Items listed in a dataset
§

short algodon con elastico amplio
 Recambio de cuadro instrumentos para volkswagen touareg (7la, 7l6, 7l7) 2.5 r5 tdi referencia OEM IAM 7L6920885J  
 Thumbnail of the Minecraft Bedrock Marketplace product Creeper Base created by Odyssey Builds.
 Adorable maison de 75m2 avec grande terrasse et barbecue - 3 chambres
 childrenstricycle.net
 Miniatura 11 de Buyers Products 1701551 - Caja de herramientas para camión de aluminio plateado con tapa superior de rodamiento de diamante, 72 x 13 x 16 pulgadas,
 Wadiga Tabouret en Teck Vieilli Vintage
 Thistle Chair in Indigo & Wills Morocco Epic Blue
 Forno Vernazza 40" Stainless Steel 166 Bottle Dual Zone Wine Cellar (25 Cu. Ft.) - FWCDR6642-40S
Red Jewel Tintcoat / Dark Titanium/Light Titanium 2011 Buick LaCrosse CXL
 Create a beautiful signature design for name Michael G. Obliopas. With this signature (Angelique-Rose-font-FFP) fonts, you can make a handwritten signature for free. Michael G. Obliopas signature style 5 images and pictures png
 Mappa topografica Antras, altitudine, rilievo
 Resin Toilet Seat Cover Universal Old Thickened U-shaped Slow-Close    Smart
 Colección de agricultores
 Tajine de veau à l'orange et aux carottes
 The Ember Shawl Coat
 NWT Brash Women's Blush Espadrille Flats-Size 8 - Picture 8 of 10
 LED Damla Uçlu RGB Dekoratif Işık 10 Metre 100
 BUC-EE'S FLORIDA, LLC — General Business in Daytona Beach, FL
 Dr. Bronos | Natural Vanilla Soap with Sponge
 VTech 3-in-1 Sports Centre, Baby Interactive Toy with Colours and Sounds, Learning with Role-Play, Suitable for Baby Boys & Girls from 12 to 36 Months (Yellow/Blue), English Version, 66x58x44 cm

§

Your objective:
Set the lines down exactly, from the first line of the records to the line where "childrenstricycle.net" appears, with both ends kept.

Task output:
short algodon con elastico amplio
 Recambio de cuadro instrumentos para volkswagen touareg (7la, 7l6, 7l7) 2.5 r5 tdi referencia OEM IAM 7L6920885J  
 Thumbnail of the Minecraft Bedrock Marketplace product Creeper Base created by Odyssey Builds.
 Adorable maison de 75m2 avec grande terrasse et barbecue - 3 chambres
 childrenstricycle.net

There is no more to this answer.